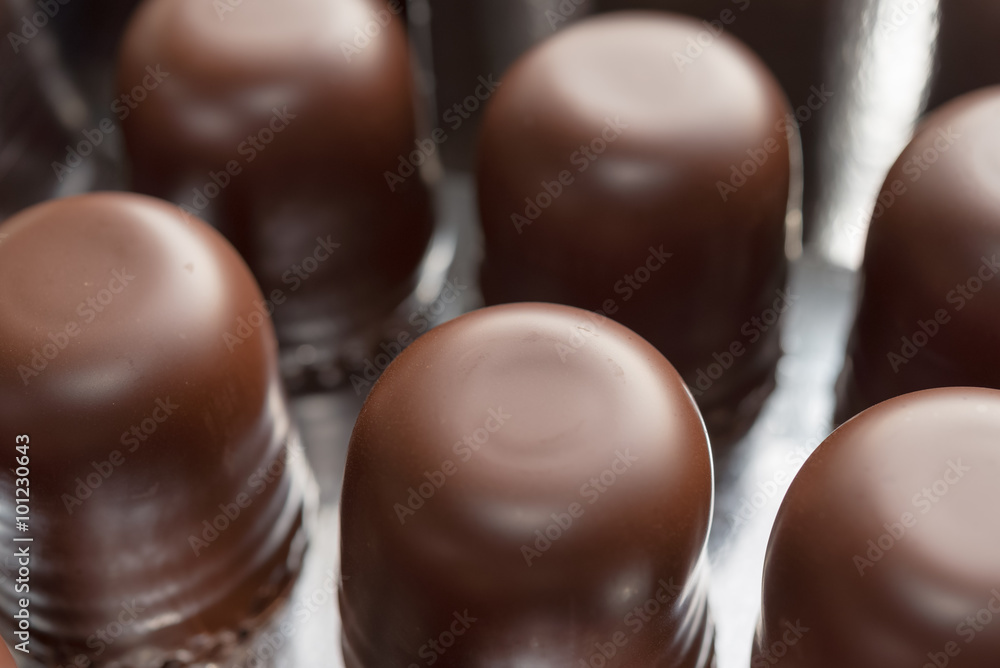 Box with chocolate marshmallow in row for sale Box with chocolate marshmallow in row for sale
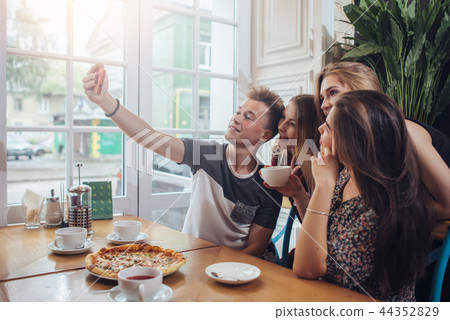 Group of cute teenagers taking selfie with cellphone while sitting in a restaurant with interior in Group of cute teenagers taking selfie with cellphone while sitting in a restaurant with interior in 44352829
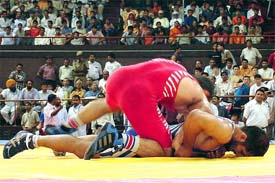 Zeid Vand Pariviz of Iran pins Gurvinder Singh of India on the mat in their 66 kg Greco Roman final bout of the Asian Senior Wrestling Championship 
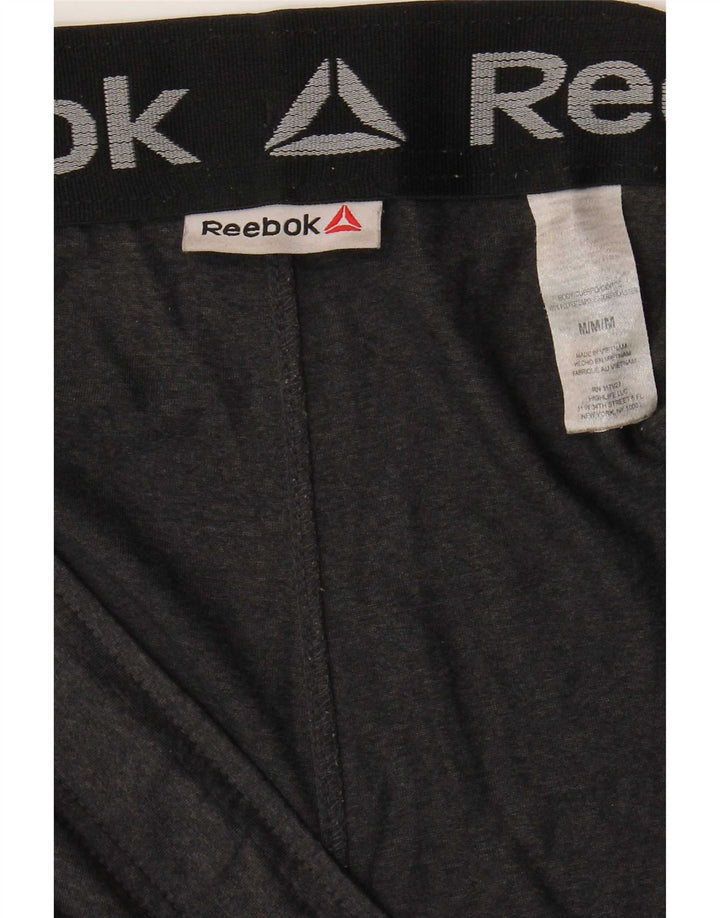 Shorts esportivos masculinos Reebok poliéster cinza médio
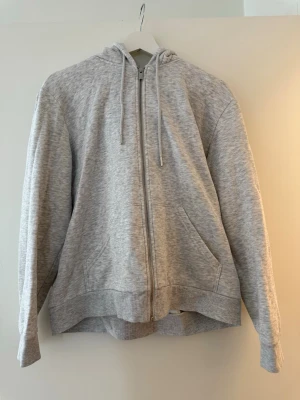 Grå hoodie med dragkedja och luva  - Säljer en mysig grå hoodie med dragkedja och luva. En perfekt tröja att mysa i hemma storlek L, känns som M-L
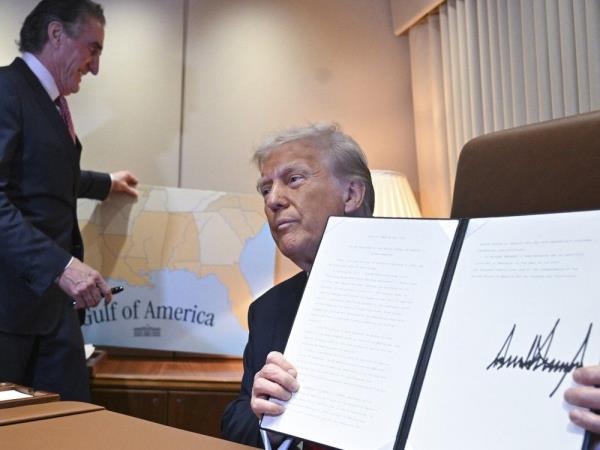 Do<em></em>nald Trump shows off a proclamation he signed as a staffer replaces a placard map behind him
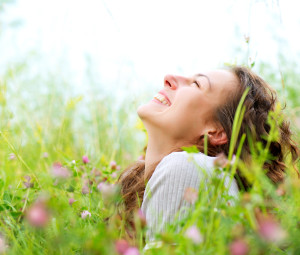 Beautiful Young Woman Outdoors. Enjoy Nature. Meadow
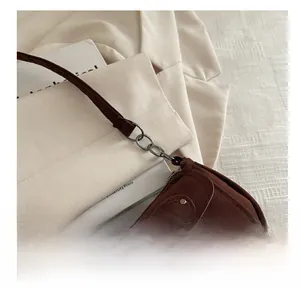 Detail of brown suede shoulder bag with vintage metal buckle and fine stitching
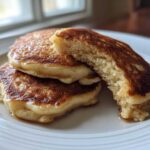 Close-up of three golden-brown Banana Pancakes stacked on a white plate, one broken open to show the fluffy interior.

* _Work task_:
This task asks for the data above repeated exactly, without a single picture.

* _Result of this exercise_:
 Box with chocolate marshmallow in row for sale Box with chocolate marshmallow in row for sale
 Group of cute teenagers taking selfie with cellphone while sitting in a restaurant with interior in Group of cute teenagers taking selfie with cellphone while sitting in a restaurant with interior in 44352829
 Zeid Vand Pariviz of Iran pins Gurvinder Singh of India on the mat in their 66 kg Greco Roman final bout of the Asian Senior Wrestling Championship 
 Shorts esportivos masculinos Reebok poliéster cinza médio
 Grå hoodie med dragkedja och luva  - Säljer en mysig grå hoodie med dragkedja och luva. En perfekt tröja att mysa i hemma storlek L, känns som M-L
 Do<em></em>nald Trump shows off a proclamation he signed as a staffer replaces a placard map behind him
 Beautiful Young Woman Outdoors. Enjoy Nature. Meadow
 Detail of brown suede shoulder bag with vintage metal buckle and fine stitching
 Close-up of three golden-brown Banana Pancakes stacked on a white plate, one broken open to show the fluffy interior.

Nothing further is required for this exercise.